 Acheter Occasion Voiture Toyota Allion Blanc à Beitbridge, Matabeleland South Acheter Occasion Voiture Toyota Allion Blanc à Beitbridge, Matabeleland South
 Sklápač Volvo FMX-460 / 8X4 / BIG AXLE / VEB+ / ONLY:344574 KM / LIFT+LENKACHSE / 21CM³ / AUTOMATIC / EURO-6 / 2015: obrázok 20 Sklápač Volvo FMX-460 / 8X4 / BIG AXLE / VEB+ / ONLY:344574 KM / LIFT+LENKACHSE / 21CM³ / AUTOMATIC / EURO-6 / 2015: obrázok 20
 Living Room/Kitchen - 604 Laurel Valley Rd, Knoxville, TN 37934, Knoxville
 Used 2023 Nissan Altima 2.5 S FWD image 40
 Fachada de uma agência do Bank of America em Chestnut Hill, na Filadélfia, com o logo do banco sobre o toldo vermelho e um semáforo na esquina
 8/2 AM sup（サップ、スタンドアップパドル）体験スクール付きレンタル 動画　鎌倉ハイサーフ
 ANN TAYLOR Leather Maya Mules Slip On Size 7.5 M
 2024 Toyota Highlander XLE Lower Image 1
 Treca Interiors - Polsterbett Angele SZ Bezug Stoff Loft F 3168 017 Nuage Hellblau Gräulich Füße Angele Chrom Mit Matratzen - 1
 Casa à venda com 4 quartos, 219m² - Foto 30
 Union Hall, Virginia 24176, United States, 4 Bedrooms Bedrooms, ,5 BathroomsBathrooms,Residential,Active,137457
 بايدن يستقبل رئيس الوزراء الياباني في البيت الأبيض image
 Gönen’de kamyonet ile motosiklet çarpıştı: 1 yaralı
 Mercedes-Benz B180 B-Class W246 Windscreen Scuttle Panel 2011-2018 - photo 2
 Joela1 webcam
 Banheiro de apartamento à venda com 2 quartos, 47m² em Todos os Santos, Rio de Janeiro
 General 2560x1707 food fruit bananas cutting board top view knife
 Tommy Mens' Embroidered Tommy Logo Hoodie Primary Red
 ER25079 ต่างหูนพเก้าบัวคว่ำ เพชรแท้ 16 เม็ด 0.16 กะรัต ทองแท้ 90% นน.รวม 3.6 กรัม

==============================

EXERCISE DETAILS:
Check each line of the entries for "Toyota" and copy those that have it.

ANSWER BOX:
 Acheter Occasion Voiture Toyota Allion Blanc à Beitbridge, Matabeleland South Acheter Occasion Voiture Toyota Allion Blanc à Beitbridge, Matabeleland South
 2024 Toyota Highlander XLE Lower Image 1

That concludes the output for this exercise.